The mission of NCPO began in 2010 when Mr. Haynes co-founded it when he taught music at Gouverneur Central School. Mr. Haynes’s wife, Jennifer, was also teaching at Gouverneur at the time.

“We had all these students who were graduating from high school and a lot of these kids, especially in the Gouverneur area, didn’t have anywhere to play,” Mr. Haynes recalled. “You spend time since fourth or fifth grade learning an instrument and you graduate and then your horn or violin goes into a closet, and that’s it.”

So the founders of NCPO sought an outlet for those former students that would allow them to continue to perform and to make music as amateur musicians.

“But we realized there was a whole group of people in the community of all ages who wanted to continue, wanted to find reasons to play,” Mr. Haynes said. “People dusted off horns out of their closets that hadn’t been played in 20 years.”

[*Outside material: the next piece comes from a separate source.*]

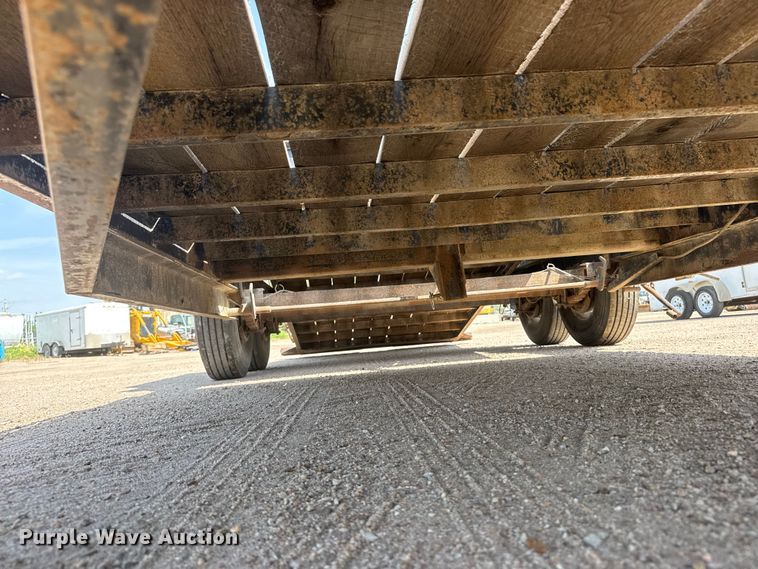 image for item NJ9188 2015 Kauffman tilt deck equipment trailer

In addition to participants from the Gouverneur area, people from communities such as Potsdam and Canton joined in, and together members had a versatile background, from a pediatrician to recent high school graduates.

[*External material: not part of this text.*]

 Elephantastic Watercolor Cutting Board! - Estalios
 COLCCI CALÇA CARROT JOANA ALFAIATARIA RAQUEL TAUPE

“It became kind of this eclectic mix of people of all ages and abilities,” Mr. Haynes said. “It’s pretty fun to see a father/son or a mother/daughter or the town pediatrician next to a patient. You don’t get a lot of opportunities to involve a cross-section like that very often.”

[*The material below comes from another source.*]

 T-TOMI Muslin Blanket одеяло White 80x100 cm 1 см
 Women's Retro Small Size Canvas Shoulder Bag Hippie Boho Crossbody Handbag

In addition to its regular musicals, NCPO performed a winter pops concert in its inaugural year and began a tradition of performing concerts before the Fourth of July fireworks at the Gouverneur fairgrounds. Mr. Haynes saw those concerts as a “throwback to the turn of the century when each community had its own band.”

But the COVID-19 pandemic paused the momentum of the NCPO.

Mr. Haynes is now the band teacher at Altmar-Parish-Williamstown School District. His wife, Jennifer, teaches music at Sherman and North elementary schools at the Watertown City School District. The Chaumont residents are both members of Musica Viva, a chamber choir, at Trinity Episcopal Church. Around the time of Musica Viva’s December’s concert, Mr. Haynes became discouraged to learn that the SUNY Jefferson Orchestra, a credit-bearing course whereby community members could join, had folded. Together, the SUNY Jefferson Orchestra course and SUNY Jefferson Wind course and members of the community composed the SUNY Jefferson Orchestra and SUNY Jefferson Wind Ensemble. The ensemble performed a concert for the community, admission free, twice a year, at the end of spring and fall semesters. Their last concert was held in December 2019, after which they didn’t regroup.

“The folks who were playing in that orchestra suddenly found themselves without a place to play,” Mr. Haynes said. “Immediately, it was like 2010 all over for me again — here’s another group of people who don’t have a place to play anymore.”

Mr. Haynes placed new emphasis on the orchestra aspect of the NCPO and sent inquiries to former SUNY Jefferson Orchestra members and other musicians in the area.

“Now, it’s going to be interesting to draw all these folks together from the various aspects of my experiences over the last couple of years and try to fold that into a cohesive group,” he said. “That’s what is unique about this particular evolution of the North Country Players Orchestra.”